--- Source records Enclosed Below ---

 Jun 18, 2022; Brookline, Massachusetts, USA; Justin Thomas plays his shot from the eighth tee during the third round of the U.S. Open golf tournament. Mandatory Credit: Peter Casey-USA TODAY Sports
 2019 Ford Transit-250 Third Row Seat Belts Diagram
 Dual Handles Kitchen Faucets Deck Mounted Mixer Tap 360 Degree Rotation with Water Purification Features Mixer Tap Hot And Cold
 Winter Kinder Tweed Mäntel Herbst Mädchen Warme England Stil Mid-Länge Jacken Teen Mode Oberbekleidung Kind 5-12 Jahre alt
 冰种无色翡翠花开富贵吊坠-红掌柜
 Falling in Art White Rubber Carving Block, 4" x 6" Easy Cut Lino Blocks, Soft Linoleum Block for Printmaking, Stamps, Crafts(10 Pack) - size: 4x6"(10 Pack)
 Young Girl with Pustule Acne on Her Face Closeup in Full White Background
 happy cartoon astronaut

--- End of Enclosed Source records ---

» **Problem details**: Provide the count, and nothing else, of lines in the data above where the word "White" occurs.

» **Solution to the problem**: 2